Yep'r. Today's FbF is a ponder'n one. A "how it should be done" FbF about Fullbore leaders who did it right - and a reminder of what is doing it wrong.

Via Ian Jack;
Chivalry at sea became an essential British ideal, and proof of the superiority of Anglo-Saxons (a category that included North Americans and most northern Europeans) over more panicky peoples from the south and east. The annals of old shipwrecks are filled with implications of their alleged poor behaviour. "I saw a lot of Latin people all along the ship's rails," recalled the Titanic's fifth officer, Harold Lowe. "They were glaring more or less like wild beasts, ready to spring." No Birkenhead drill for him: Lowe was sitting in a lifeboat at the time, being lowered past the still-crowded upper decks, but the awkwardness of his position as an officer leaving his passengers behind to drown seems never to have occurred to him. "Latins" weren't to be trusted in an emergency, and therefore didn't count.

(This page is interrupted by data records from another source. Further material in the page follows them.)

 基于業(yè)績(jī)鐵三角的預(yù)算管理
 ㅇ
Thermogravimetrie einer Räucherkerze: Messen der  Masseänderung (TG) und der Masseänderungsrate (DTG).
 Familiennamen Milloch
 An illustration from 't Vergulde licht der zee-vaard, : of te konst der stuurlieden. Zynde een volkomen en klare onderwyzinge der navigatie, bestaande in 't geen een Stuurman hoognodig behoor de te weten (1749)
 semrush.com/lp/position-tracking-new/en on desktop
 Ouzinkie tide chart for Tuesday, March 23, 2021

The spectre now haunting Italy is that this label has stuck. "We've gone straight into the Titanic nightmare [and] Italy is once again the laughing stock of foreign newspapers," wrote a blogger, Caterina Soffici, this week. In Il Giornale, the columnist Cristiano Gatti wrote that the rest of the world would be delighted to rediscover "the same old rascally Italians: those unreliable cowards who turn and run in war and flee like rabbits from the ship, even if they are in command". But are either of these statements really true? People who know about ships and seafaring in Britain take pity on Schettino, rather than laugh at him. They puzzle over the course he took that led to the collision with the reef, they wonder how many people were on the bridge with him at the time, and why nobody raised a warning. Perhaps they snigger a little at his account of tripping and falling into a lifeboat ("How odd that his first officer seems to have done the same thing"), but on the whole they understand the torrent of guilt and self-recrimination that must threaten to overwhelm him, first for losing a ship and so many lives and, second, for his subsequent behaviour. None, at least of those I talked to, went as far as Professor Craig Allen of the US Coastguard Academy and accused him of "abject cowardice".

But his transgression is enormous. The rule that a captain must be the last man (or woman) to leave a ship in difficulties is never written down, but everywhere understood. In the words of a former P&O captain: "At sea, you have a great sense of responsibility for the people who are beneath you – it's moral as well as legal. You need to stay as long as anyone else remains."

In this altruistic sense, the mystique of captaincy has survived into its third century. Sentiment, if not always practicality, will ensure it continues. For who can resist the gallantry of David Hart Dyke staying aboard the tilting hull of HMS Coventry, or Noel Coward and what remains of his crew clinging to their life-raft in In Which We Serve, and Coward commanding, as his destroyer finally goes down: "Three cheers for the ship!"
The lessons of 3.5 yrs ago - and still apply today; as do those decades before.